Task to complete — Produce word for word the lines of the data below running from the one that has "Костюм Снегурочка Амалия" to the one that has "100% Pure Linen Fabric - Black - 280cm", inclusive, and no others.

Extracted material —
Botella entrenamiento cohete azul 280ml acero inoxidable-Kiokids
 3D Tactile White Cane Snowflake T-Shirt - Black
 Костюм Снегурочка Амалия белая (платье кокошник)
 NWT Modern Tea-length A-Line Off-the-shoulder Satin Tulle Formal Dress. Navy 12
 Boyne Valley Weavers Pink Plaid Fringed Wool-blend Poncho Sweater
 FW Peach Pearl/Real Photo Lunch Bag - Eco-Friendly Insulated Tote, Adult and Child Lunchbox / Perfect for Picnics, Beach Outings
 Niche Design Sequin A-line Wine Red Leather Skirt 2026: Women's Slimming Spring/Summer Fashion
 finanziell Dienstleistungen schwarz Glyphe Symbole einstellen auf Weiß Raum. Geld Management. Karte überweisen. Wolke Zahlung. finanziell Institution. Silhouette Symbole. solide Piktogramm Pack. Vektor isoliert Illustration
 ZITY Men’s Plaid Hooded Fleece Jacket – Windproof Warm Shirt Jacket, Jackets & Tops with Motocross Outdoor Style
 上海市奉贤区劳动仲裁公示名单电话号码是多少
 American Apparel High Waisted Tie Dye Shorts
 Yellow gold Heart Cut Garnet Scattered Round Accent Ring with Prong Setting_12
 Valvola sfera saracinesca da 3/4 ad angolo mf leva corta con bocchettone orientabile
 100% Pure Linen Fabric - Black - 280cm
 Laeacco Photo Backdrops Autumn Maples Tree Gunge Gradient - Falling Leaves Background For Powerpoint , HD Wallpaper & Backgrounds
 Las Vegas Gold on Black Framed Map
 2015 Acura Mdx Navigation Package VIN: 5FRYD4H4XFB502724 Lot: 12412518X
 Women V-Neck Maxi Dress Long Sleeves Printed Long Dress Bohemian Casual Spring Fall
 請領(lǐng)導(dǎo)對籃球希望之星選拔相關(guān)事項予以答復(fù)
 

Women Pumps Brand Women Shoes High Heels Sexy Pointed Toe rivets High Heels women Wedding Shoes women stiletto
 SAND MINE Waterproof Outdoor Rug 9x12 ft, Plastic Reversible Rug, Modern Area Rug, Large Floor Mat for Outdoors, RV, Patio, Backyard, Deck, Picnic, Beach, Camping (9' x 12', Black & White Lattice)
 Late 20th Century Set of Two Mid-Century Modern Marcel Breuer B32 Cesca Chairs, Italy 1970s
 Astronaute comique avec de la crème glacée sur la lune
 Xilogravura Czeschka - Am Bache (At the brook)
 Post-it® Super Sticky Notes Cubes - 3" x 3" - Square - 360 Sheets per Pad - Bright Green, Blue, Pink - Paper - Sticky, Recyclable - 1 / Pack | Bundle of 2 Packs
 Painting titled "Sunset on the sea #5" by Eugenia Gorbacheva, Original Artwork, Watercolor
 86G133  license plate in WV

Answer box —
 Костюм Снегурочка Амалия белая (платье кокошник)
 NWT Modern Tea-length A-Line Off-the-shoulder Satin Tulle Formal Dress. Navy 12
 Boyne Valley Weavers Pink Plaid Fringed Wool-blend Poncho Sweater
 FW Peach Pearl/Real Photo Lunch Bag - Eco-Friendly Insulated Tote, Adult and Child Lunchbox / Perfect for Picnics, Beach Outings
 Niche Design Sequin A-line Wine Red Leather Skirt 2026: Women's Slimming Spring/Summer Fashion
 finanziell Dienstleistungen schwarz Glyphe Symbole einstellen auf Weiß Raum. Geld Management. Karte überweisen. Wolke Zahlung. finanziell Institution. Silhouette Symbole. solide Piktogramm Pack. Vektor isoliert Illustration
 ZITY Men’s Plaid Hooded Fleece Jacket – Windproof Warm Shirt Jacket, Jackets & Tops with Motocross Outdoor Style
 上海市奉贤区劳动仲裁公示名单电话号码是多少
 American Apparel High Waisted Tie Dye Shorts
 Yellow gold Heart Cut Garnet Scattered Round Accent Ring with Prong Setting_12
 Valvola sfera saracinesca da 3/4 ad angolo mf leva corta con bocchettone orientabile
 100% Pure Linen Fabric - Black - 280cm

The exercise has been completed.